The main problem that I’ve always run into is not within the switch itself but the spring getting hot and sagging, breaking connection to the cell. The wire takes the current and keeps the spring from getting too hot. I’ve got an Eagle Eye X6 running a Luminus SBT-70 at 17A through a bypassed switch like this. I’m using the big copper pill I drew up for a quad, and the X6 still gets too hot to hold in 26 seconds. I know this because I’ve used this light to run down 18650’s and could only hold it 26 seconds at a time. That’s right at the point the turbo step down kicks in, but I still had to shut it down and set it on a heat sink to cool off. The SBT-70 is a horribly inefficient driver, burning off tons of current in heat while making relatively low lumens. In this case, only 1500 lumens for 17A of draw.

So yeah, the bypass helps switch life in that it delivers a steady current and saves the spring.

For these lights Gunga, yes. If you intend to run it up over 6A-6.5A and use it for long periods, then bypass the pcb.

Edit: As in, triple or quad. :wink:

Thanks Dale.

Oh, how about if you don’t run triple/quad.
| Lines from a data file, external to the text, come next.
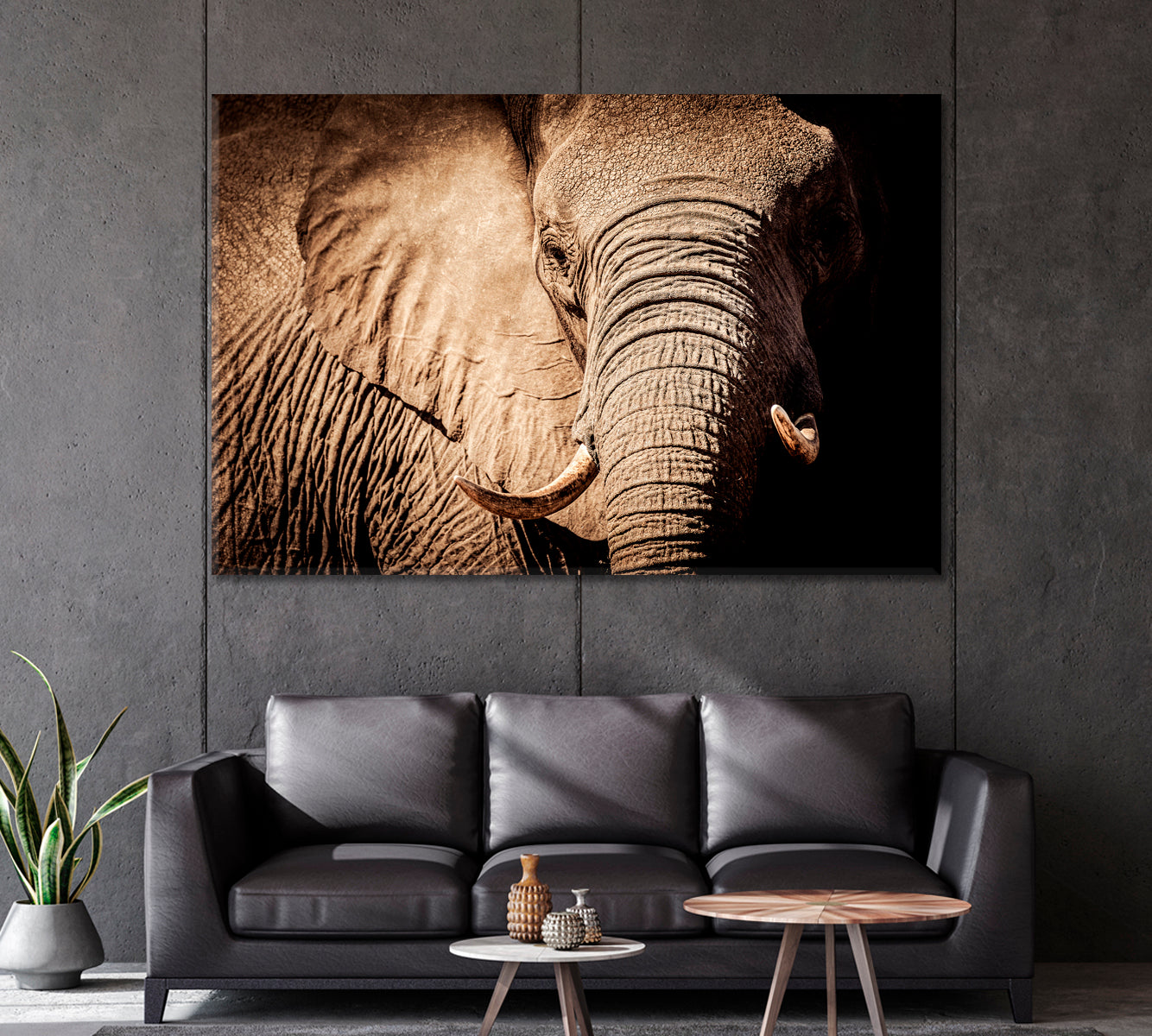 Wild African Elephant Canvas Print-Canvas Print-CetArt-1 Panel-24x16 inches-CetArt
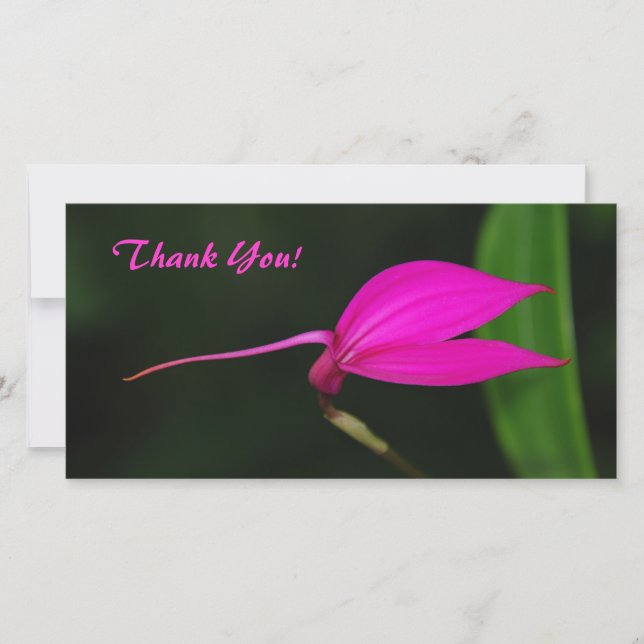 De Agradecimento Obrigado Cartão com fotos (Frente)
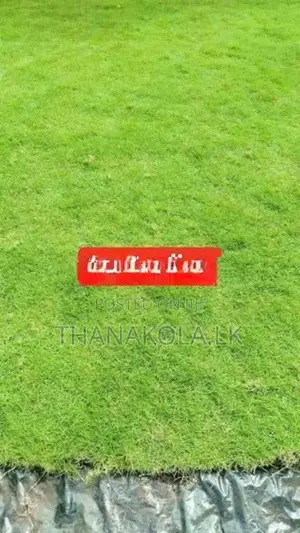 තණකොළ පිඩලි විකිණීම හා බිම සකසා අතුරා දීම. Sale Of Turf With Laying.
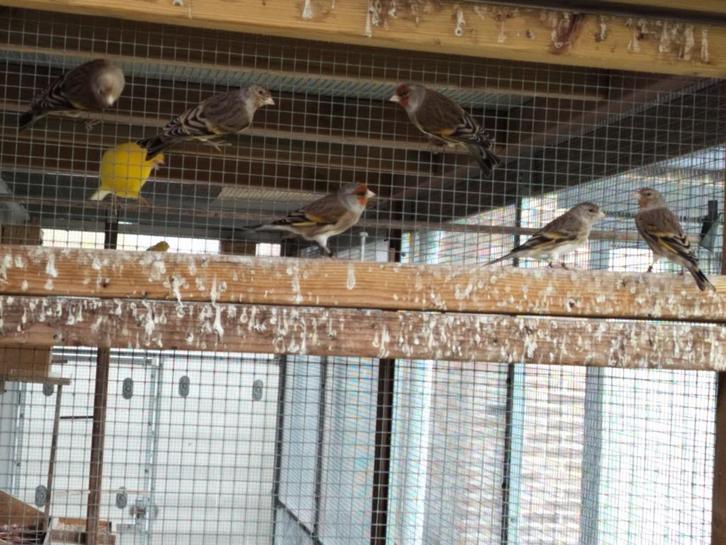 Kruising distelvink x kanarie, Dieren en Toebehoren, Vogels | Kanaries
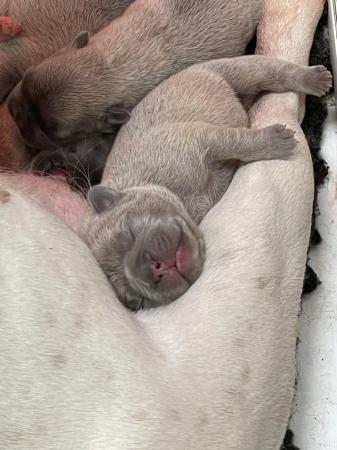 Image 5 of QUALITY TRUE TO TYPE FRENCH BULLDOG PUPPIES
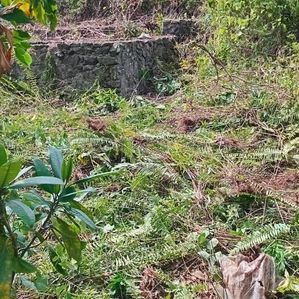 Land for Sale Watareka - Image 2
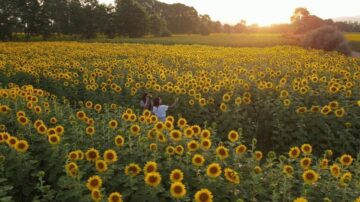 Çorum’da ayçiçeği güzellik saçtı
Would bypassing the spring suffice or is it still recommended to do the whole board?

“Would it be okay to just do the spring and not directly to the switch?”

Yes

As long as you’re not running over 6A or so, or using it for prolonged periods that may tend to heat up the spring/pcb.

Edit: You really don’t need to worry about it with the A6. The new emitters don’t allow much over 5A so it’s not a big deal. If you want to squeeze every last drop out of the emitter, do the spring bypass. If you’re going to be using it hard, go through the pcb directly to the switch. :wink:

Thanks for the useful info! This is my first foray above 3 Amps!

:slight_smile:

Oh boy! Then please understand that once you cross the threshold it is all over! LOL

You will turn on a stock production light that you once so very proud of and say "what the is this??"

I’ll be squinting into a 3 Amp light running on max to see if it is on…

Suddenly you will find that All of your batteries seem to have 1/2 the capacity!